# Gradient boost

![image.png](attachment:image.png)

Gradient boosting is a machine learning ensemble technique that combines the predictions of multiple weak learners, typically decision trees, sequentially.

# 1 . Import Python Modules

In [5]:
import numpy as np
from sklearn.tree import DecisionTreeRegressor
from sklearn.metrics import mean_squared_error
import pandas as pd

In [6]:
# Create a dictionary containing the data
data = {
    'Years of Exp': [1, 1.5, 2.5, 3, 5, 6],
    'Gap': [0, 1, 1, 0, 0, 0],
    'Annual salary': [4, 4, 5.5, 7, 7.5, 8]
}
# Create a pandas DataFrame from the dictionary
df = pd.DataFrame(data)

X=df.drop('Annual salary',axis=1)
Y=df["Annual salary"]

# 2. Implement - Gradient-Boosting -Regression

In [10]:
def gradient_regression_model(X,Y,n_estimators):
    # Create a decision tree regressor with a maximum depth of 1
    predicted_values = np.full_like(Y, np.mean(Y))
    #print("base -predicted:", predicted_values)
    error_values = np.array(Y - np.mean(Y))
    #print("base-errors",error_values)

    for i in range(n_estimators):

        tree_reg = DecisionTreeRegressor(max_depth=1)
        tree_reg.fit(X, error_values)

        # Find the average target value in each leaf node
        # Leaf nodes can be found using the tree's `apply` method
        leaf_nodes = tree_reg.apply(X)

        leaf_values = {}
        for node in set(leaf_nodes):
            leaf_values[node] = error_values[leaf_nodes == node].mean()

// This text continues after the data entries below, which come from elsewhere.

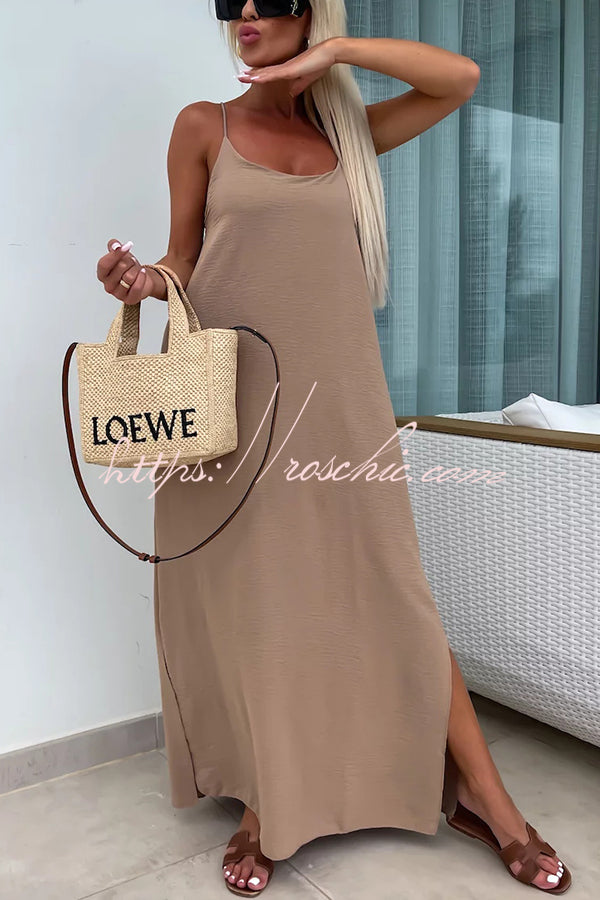 Solid Color Resort Style Spaghetti Strap Backless Maxi Dress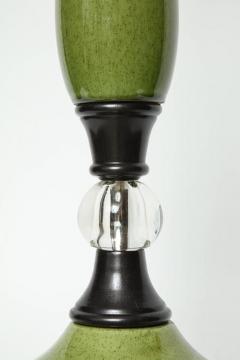 Mid Century Moss Green Ceramic Lamps - 911960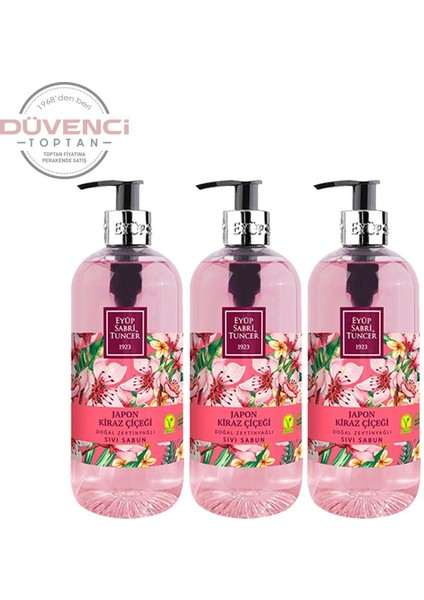Doğal Zeytinyağlı Sıvı Sabun Japon Kiraz Çiçeği 500 ml x 3 fiyatları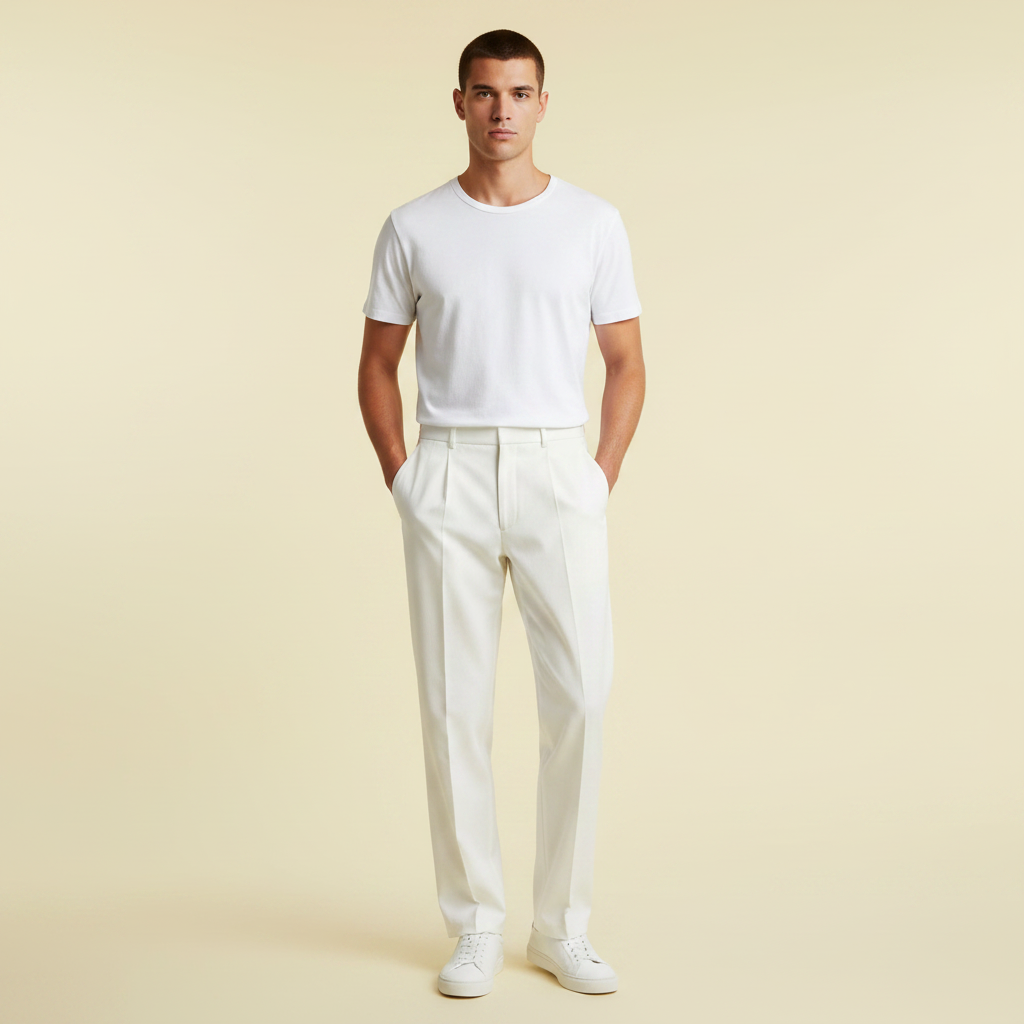 Men's Pleated Formal Trousers | Straight Fit Dress Pants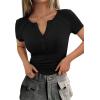 imagePRETTYGARDEN Henley Shirts for Women 2026 Summer Short Sleeve Tops V Neck Basic Tees Fitted Ribbed Button Up Work ShirtsBlack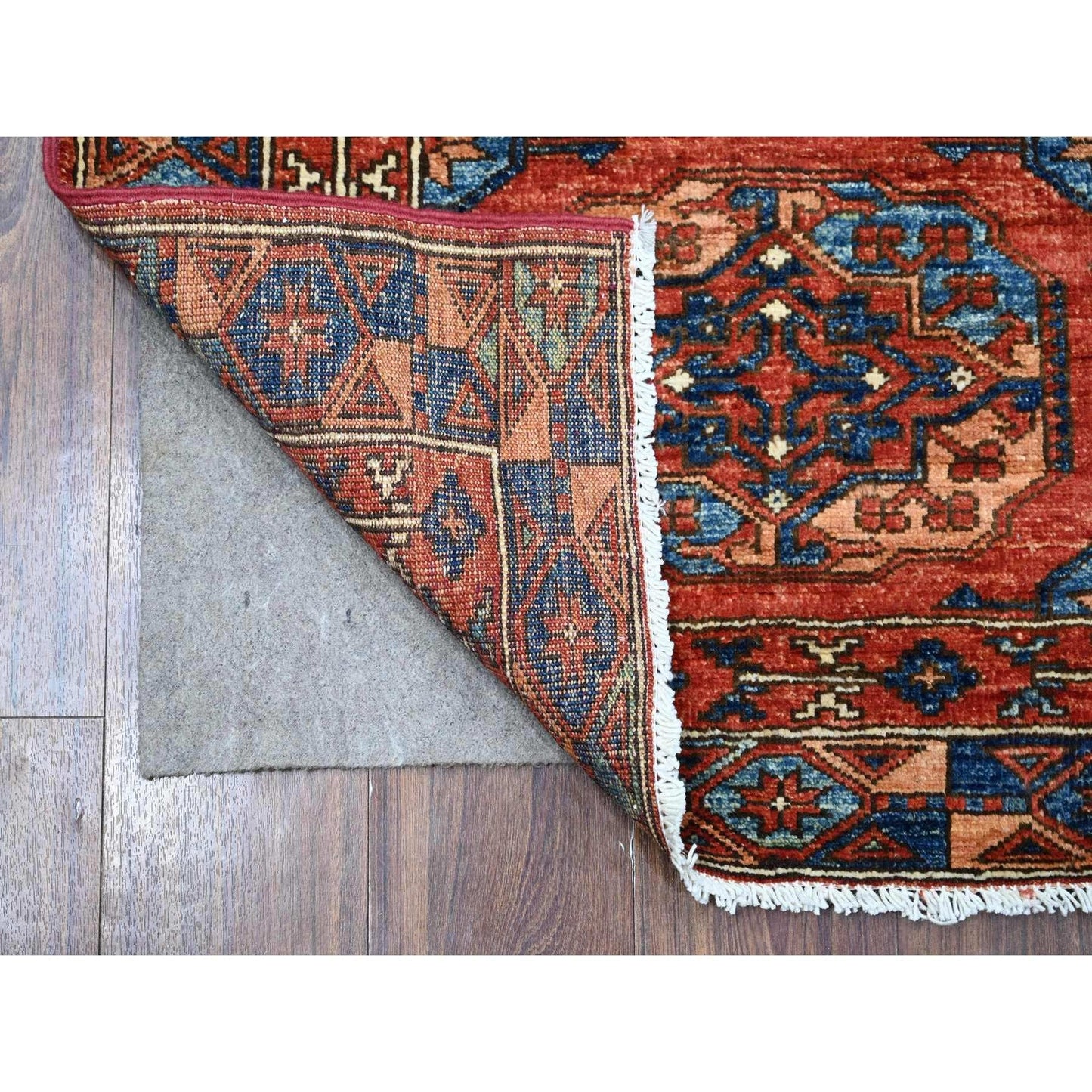 2'10"X5'10" Cereza Red Hand Knotted Ersari Elephant Feet Wool Runner Rug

        # Create a target column based on the average target value of the leaf node
        target_column = np.array([leaf_values[node] for node in leaf_nodes])

        # Print the target column
        #print("Target column based on leaf node averages:")
        #print(target_column)
        predicted_values=predicted_values+0.1*(target_column)
        #print("base -predicted:", predicted_values)
        error_values = np.array(Y - predicted_values)



    # test set RMSE
    test_rmse = mean_squared_error(Y, predicted_values) ** (1 / 2)

    # Print rmse
    print('Root mean Square error: {:.2f}'.format(test_rmse))
    
    
gradient_regression_model(X,Y,n_estimators=50)

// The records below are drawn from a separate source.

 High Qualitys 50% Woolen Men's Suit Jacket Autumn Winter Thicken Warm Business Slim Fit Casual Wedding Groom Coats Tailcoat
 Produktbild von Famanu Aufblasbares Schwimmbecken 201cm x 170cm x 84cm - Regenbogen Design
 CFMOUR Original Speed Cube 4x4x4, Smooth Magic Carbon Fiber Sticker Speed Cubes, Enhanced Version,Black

Root mean Square error: 0.05


In [8]:
# Create and fit the gradient boosting regressor model
from sklearn.ensemble import GradientBoostingRegressor
gb_regressor = GradientBoostingRegressor(loss='absolute_error',n_estimators=30)
gb_regressor.fit(X, Y)

# Predict on the test set
Y_pred = gb_regressor.predict(X)

# Calculate Mean Squared Error (MSE)
rmse = mean_squared_error(Y, Y_pred) ** (1 / 2)
print("Root Mean Squared Error:", rmse)

Root Mean Squared Error: 0.33509607056228347